1 de septiembre
Ayer un distribuidor me regaló un libro todavía no publicado. En realidad, me dio un montón de hojas toscamente encoladas, con una falsa cubierta, de una novela francesa. Es una prueba todavía repleta de erratas. La novela se publicará dentro de unos meses. Me he sentido un privilegiado, alguien que está en posesión de un pequeño adelanto, de un secreto, del secreto de un libro que en su momento se espera que sea un best seller.

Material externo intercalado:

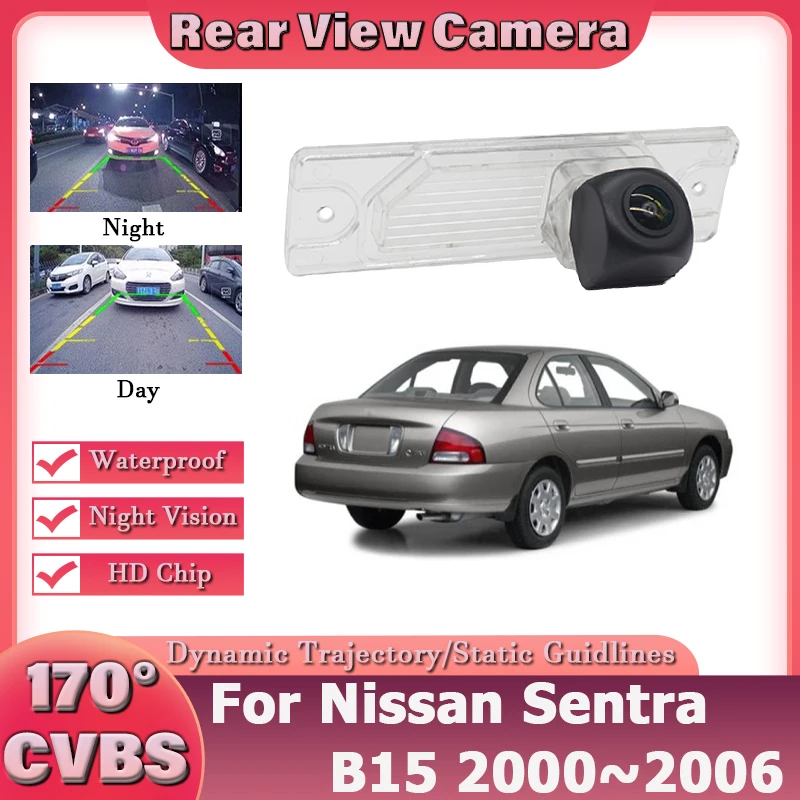 HD CCD Night Vision Waterproof Backup Rear View camera For Nissan Sentra B15 2000~2003 2004 2005 2006 CCD license plate Camera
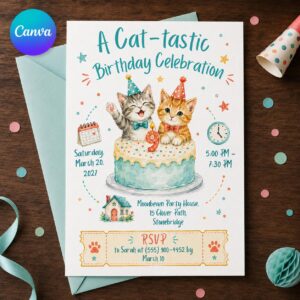 Cat Birthday Invitation, Cute Kitten Party Invite for Kids, Cat-Tastic 9th Birthday Printable Editable, Canva Template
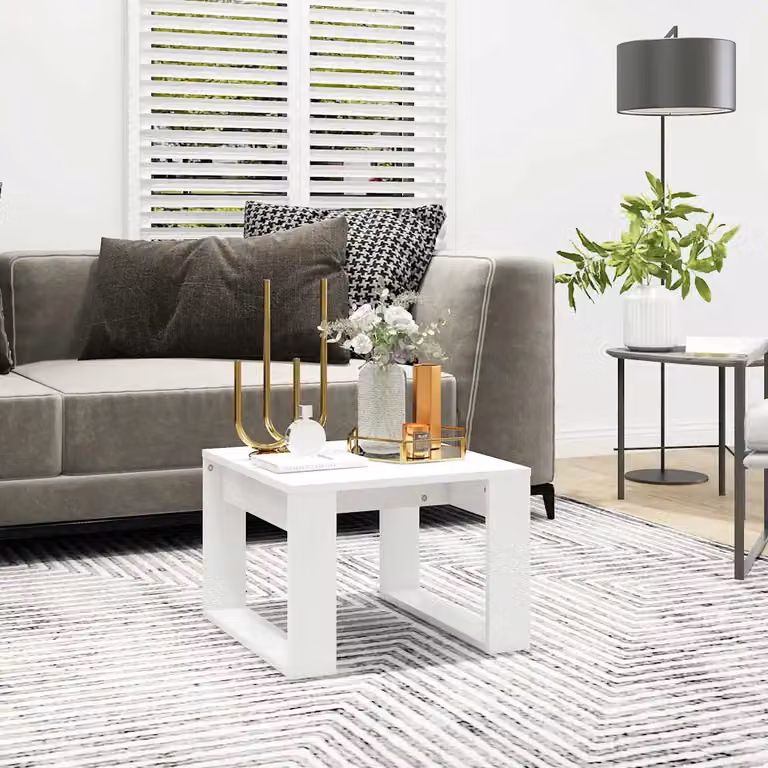 vidaXL Tavolino Moderno Bianco in Legno e MDF L/P/H: 50 x 35 x 50 cm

Hoy R., un amigo, me ha regalado varios libros. R. es el coordinador de la sección de críticas de libros en una revista literaria, y por ese desempeño recibe constantemente paquetes y cajas con las novedades de todas las editoriales. R. no parece tan entusiasmado como yo con esos envíos que amenazan con abarrotar su estudio en cuatro días. Y más de una vez he leído comentarios de otros críticos, también abrumados con los paquetes de novedades que no cesan de llegarles.
Así que no es raro que en la cuesta de Moyano, en Madrid, haya podido comprar este bibliómano más de una vez ejemplares que tenían dentro la tarjeta de saludo del autor, o del editor, a veces con unas líneas en las que se rogaba al crítico que reseñara el libro en cuestión. El otro día, por ejemplo, compré por internet un libro de Patricio Pron, el escritor argentino, que contenía una tarjeta de la responsable de comunicación de la editorial. En ella había escrito a mano: por deseo expreso del autor. El que lo había recibido gratis, antes de vendérselo a la librería de ocasión donde yo lo adquirí, había tomado notas de uno de los relatos que incluía, y ahí las había abandonado, tal vez porque en otro relato, en la primera página, había rodeado con un círculo todos los “que” que se había encontrado. Y eran muchos, ciertamente, aunque a mí no me molestaban.
Yo, que salvo en contadísimas excepciones me compro y pago mis libros, sí he tenido varias veces esa sensación de agobio por motivos algo relacionados: cuando he sido jurado de premios y he tenido que leer muchas cosas infumables, o cuando, sin premio por medio, he debido leer por obligación o por compromiso. Peor aún: cuando he debido opinar públicamente atendiendo no al libro, sino a consideraciones, digamos, sociales.